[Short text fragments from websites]
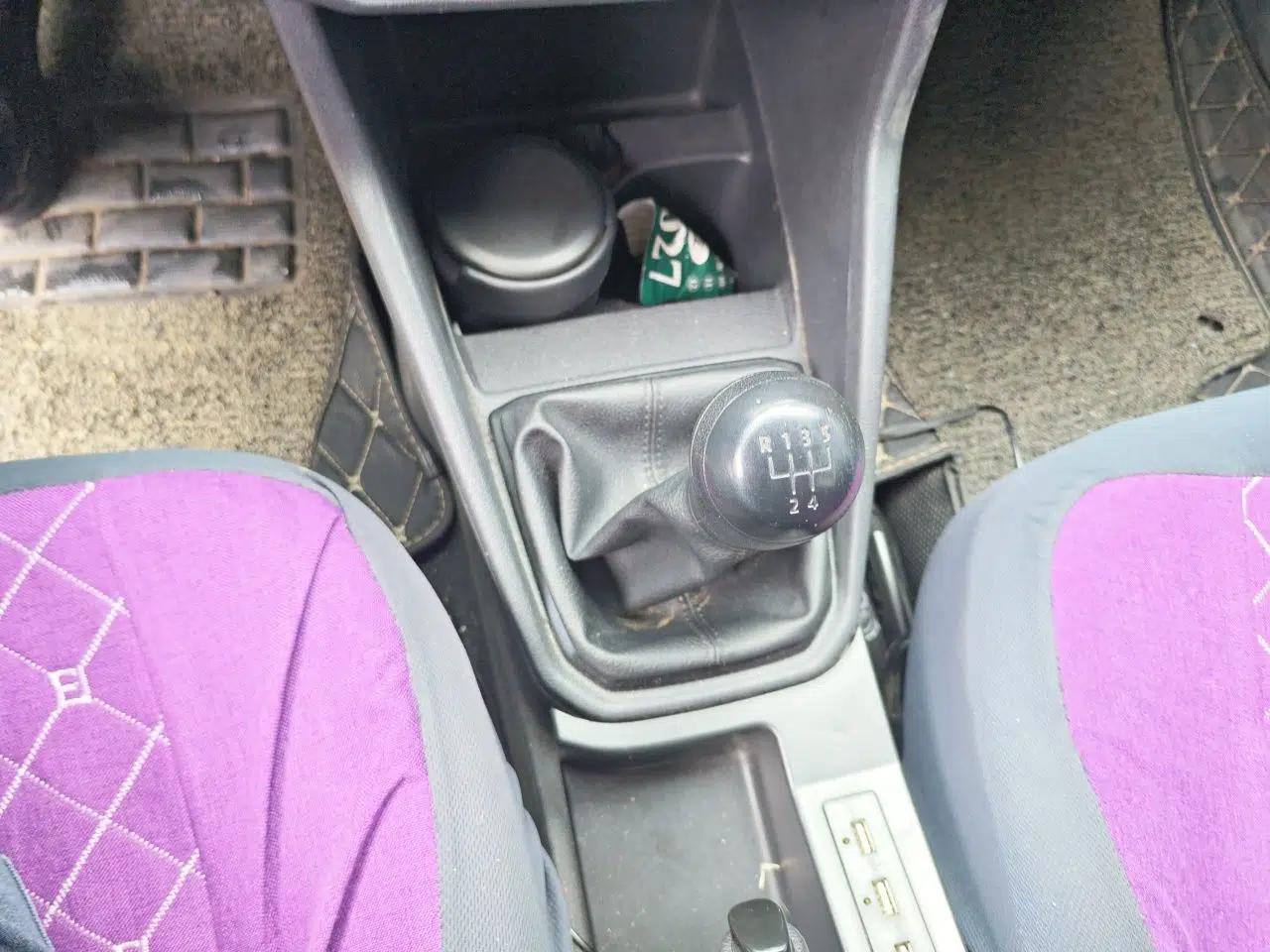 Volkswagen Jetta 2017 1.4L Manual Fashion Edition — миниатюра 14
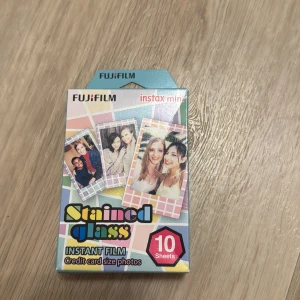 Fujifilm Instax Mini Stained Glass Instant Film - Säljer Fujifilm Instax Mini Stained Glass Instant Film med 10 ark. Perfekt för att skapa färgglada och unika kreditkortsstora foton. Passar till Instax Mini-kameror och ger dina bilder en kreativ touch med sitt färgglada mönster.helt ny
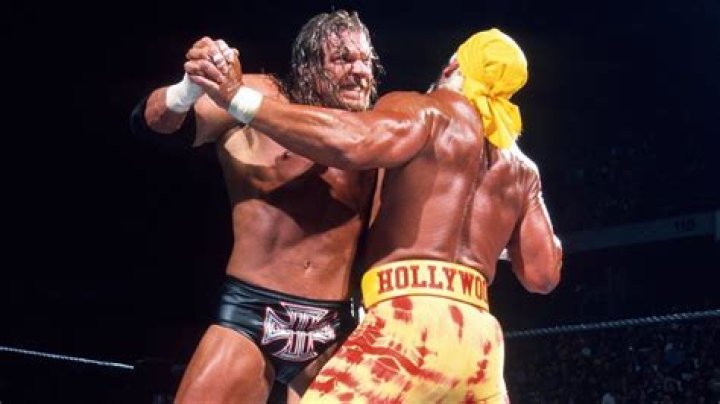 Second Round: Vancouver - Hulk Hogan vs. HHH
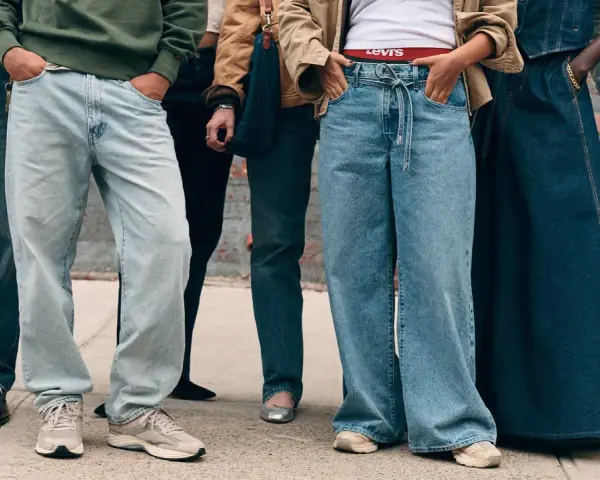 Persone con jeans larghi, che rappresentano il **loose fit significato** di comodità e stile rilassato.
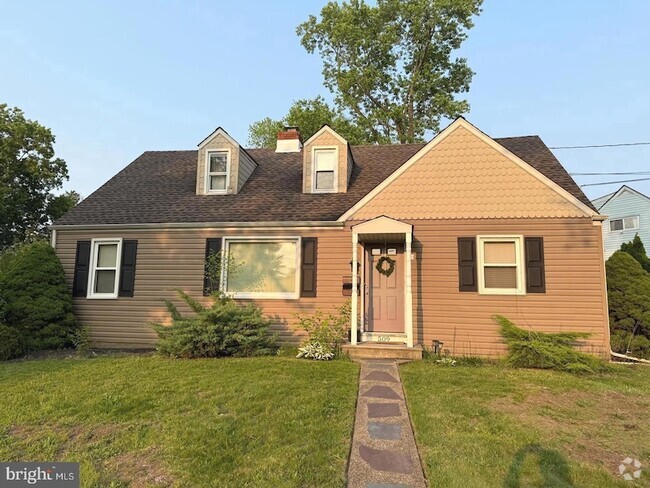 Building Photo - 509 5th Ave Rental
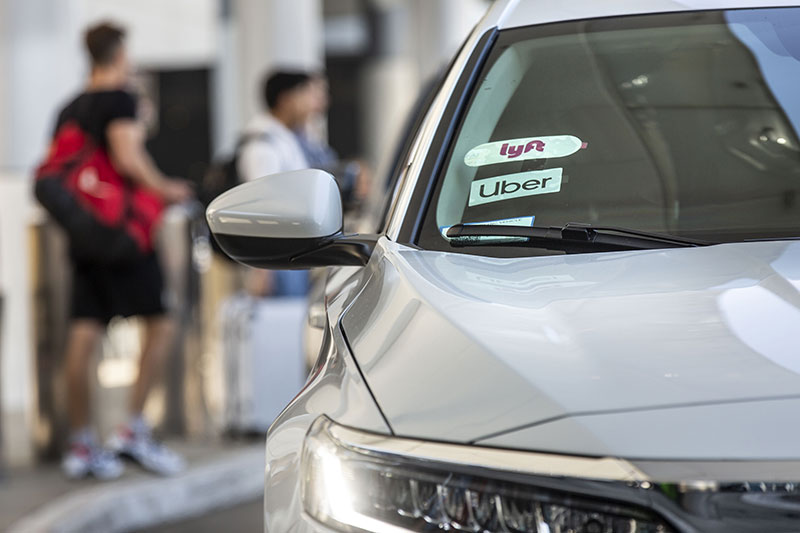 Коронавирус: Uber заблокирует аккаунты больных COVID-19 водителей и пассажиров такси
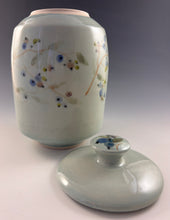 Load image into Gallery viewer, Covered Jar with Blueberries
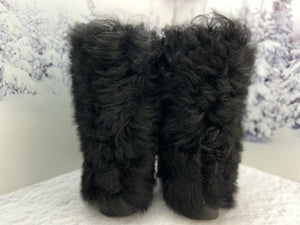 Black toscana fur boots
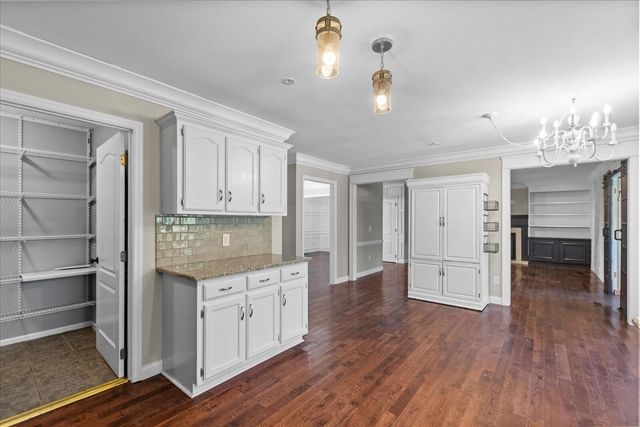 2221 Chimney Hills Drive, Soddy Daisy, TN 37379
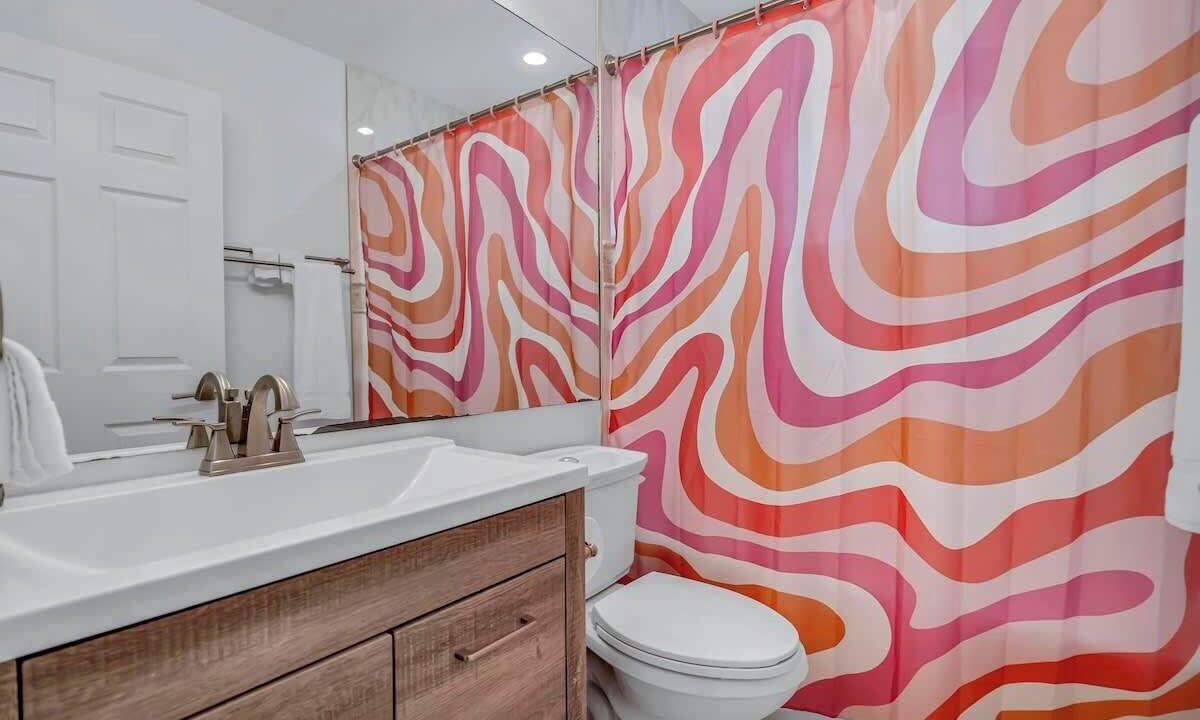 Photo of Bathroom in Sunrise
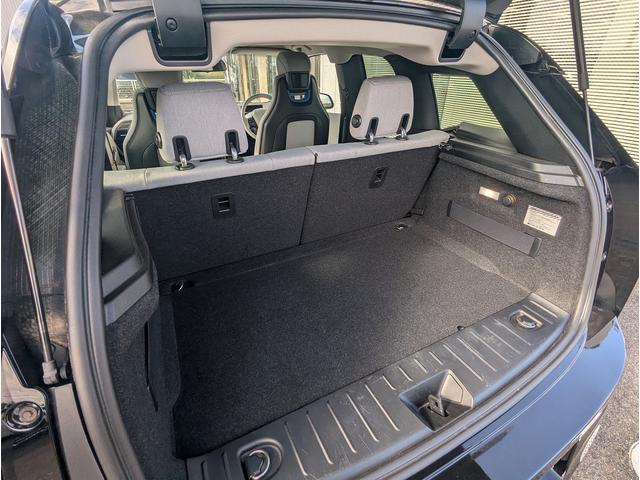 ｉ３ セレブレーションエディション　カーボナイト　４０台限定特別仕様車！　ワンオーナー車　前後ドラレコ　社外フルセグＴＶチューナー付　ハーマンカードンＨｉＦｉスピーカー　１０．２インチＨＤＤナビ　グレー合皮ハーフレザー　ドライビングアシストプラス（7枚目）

● **ABOUT THIS TASK**
Your answer must be the lines from the one holding "Load image into" through the final line of the records above, exactly as written and without any pictures.

● **EXERCISE SOLUTION**
 Load image into Gallery viewer, Covered Jar with Blueberries
 Black toscana fur boots
 2221 Chimney Hills Drive, Soddy Daisy, TN 37379
 Photo of Bathroom in Sunrise
 ｉ３ セレブレーションエディション　カーボナイト　４０台限定特別仕様車！　ワンオーナー車　前後ドラレコ　社外フルセグＴＶチューナー付　ハーマンカードンＨｉＦｉスピーカー　１０．２インチＨＤＤナビ　グレー合皮ハーフレザー　ドライビングアシストプラス（7枚目）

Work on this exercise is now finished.